Some states are moving to not only legalize marijuana but to also bar drug screening in employment for its use. For example, Nevada is one of these states. Beginning next year, most employers in the State of Nevada will not be able to turn down a job applicant solely for failing a marijuana drug test. This is the result of new state law, Nevada Assembly Bill 132, which will become effective on January 1, 2020. There is some discussion that a similar law will also be coming to Colorado and a number of other jurisdictions soon. Other jurisdictions such as New York City, Maine and the District of Columbia have also enacted similar laws.
Nevada’s New Marijuana Drug Testing Law
The new marijuana-related employment law will not bar employers from testing job applicants for marijuana usage, and it will not stop them from refusing to hire applicants that test positive for other drugs. There are some exceptions to the new law.

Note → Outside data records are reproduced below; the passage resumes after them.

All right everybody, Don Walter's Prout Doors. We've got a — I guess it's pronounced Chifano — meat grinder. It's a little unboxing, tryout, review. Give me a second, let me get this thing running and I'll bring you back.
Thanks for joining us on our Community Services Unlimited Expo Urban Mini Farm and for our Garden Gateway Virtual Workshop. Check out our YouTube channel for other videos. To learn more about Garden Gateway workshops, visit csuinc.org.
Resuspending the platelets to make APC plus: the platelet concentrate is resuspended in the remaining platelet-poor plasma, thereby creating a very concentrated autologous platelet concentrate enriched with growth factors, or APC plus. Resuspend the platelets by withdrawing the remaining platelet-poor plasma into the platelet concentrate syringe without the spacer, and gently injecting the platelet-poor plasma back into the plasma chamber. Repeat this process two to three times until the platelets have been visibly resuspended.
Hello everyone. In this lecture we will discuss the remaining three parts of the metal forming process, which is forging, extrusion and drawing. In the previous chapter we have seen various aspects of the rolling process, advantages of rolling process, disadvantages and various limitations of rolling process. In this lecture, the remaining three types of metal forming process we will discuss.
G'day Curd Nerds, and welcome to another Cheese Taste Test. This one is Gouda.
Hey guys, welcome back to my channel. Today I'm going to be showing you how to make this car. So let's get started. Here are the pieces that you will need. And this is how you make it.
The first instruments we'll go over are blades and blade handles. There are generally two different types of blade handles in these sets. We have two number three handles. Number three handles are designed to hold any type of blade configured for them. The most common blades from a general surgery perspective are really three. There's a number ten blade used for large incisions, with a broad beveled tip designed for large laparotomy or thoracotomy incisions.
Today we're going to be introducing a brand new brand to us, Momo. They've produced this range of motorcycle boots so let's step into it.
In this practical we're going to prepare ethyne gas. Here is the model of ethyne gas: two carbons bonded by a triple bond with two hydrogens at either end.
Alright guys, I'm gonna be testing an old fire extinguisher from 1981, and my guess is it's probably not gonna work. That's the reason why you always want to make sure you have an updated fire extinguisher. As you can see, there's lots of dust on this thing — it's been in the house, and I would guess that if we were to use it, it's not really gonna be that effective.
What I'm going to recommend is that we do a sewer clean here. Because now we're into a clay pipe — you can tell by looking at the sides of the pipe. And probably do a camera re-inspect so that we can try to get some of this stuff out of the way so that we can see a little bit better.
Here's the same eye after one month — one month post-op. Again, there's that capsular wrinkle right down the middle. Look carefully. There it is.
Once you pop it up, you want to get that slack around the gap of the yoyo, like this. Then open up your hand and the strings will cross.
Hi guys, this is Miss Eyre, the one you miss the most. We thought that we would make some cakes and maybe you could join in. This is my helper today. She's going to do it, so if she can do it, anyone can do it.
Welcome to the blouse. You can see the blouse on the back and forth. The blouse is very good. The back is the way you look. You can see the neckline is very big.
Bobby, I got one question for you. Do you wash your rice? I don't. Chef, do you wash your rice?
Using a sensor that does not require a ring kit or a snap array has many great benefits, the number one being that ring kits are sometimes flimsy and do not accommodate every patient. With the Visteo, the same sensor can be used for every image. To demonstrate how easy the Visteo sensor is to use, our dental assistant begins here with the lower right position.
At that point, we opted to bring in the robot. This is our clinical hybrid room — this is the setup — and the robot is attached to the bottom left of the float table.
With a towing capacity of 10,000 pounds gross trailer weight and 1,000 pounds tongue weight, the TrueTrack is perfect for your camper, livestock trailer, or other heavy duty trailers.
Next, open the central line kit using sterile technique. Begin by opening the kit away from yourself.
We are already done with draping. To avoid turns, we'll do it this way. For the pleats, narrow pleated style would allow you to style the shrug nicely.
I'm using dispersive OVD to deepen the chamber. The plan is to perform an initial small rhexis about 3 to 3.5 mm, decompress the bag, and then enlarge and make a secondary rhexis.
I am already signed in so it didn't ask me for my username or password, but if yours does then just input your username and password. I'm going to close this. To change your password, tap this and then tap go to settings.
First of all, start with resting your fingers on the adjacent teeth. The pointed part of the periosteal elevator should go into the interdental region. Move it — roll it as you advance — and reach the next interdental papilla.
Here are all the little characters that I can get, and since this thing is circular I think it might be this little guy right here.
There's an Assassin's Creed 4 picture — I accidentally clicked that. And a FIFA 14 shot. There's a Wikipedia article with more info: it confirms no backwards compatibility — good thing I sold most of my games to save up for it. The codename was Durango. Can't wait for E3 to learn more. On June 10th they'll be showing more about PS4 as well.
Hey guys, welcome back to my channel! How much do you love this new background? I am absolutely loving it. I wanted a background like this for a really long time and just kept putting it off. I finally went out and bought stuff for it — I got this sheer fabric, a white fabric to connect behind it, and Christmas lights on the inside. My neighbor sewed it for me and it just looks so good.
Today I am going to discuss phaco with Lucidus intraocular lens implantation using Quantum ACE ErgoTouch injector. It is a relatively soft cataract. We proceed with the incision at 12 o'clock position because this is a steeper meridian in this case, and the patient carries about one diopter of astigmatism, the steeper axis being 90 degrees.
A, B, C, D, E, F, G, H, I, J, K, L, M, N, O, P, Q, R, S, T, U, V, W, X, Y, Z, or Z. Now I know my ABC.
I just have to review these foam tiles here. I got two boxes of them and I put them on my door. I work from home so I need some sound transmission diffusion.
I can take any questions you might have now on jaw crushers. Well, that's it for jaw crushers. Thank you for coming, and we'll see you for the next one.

It does not apply to physicians, emergency medical technicians, firefighters or those that have job requirements involving driving and in positions which could adversely affect the safety of others. A copy of the new law can be found here. It is likely to be the first of many similar laws that are enacted in states that have legalized marijuana usage.
Virginia Still Criminalizes Marijuana Use – Change is Slow
While Nevada and other states have moved forward with decriminalizing marijuana usage and beginning to bar employment-related drug screening, Virginia still criminalizes marijuana usage. Furthermore, there is not yet a medical marijuana usage law in place.
Virginia employers remain able to terminate employees for testing positive for or using marijuana. Attorney General Mark Herring recently suggested changing these laws, which could be the start of a long process in Virginia. The first step in Virginia will be to decriminalize marijuana and then changes to employment law will ultimately follow.
Federal Marijuana Law – Change is Even Slower
Individuals should keep in mind that even as these states legalize certain drugs, these state laws have no effect on federal criminal drug laws barring usage. Furthermore, federal employees and security clearance applicants/holders are still barred and can be fired for marijuana usage.
I strongly believe that the federal government will likely change these laws in the next 5-10 years. For federal security clearance holders, marijuana usage will likely be reduced to an abuse standard, like with alcohol, but at present federal employees and security clearance holders can lose their security clearances with even one-time use in a state or jurisdiction that has legalized marijuana.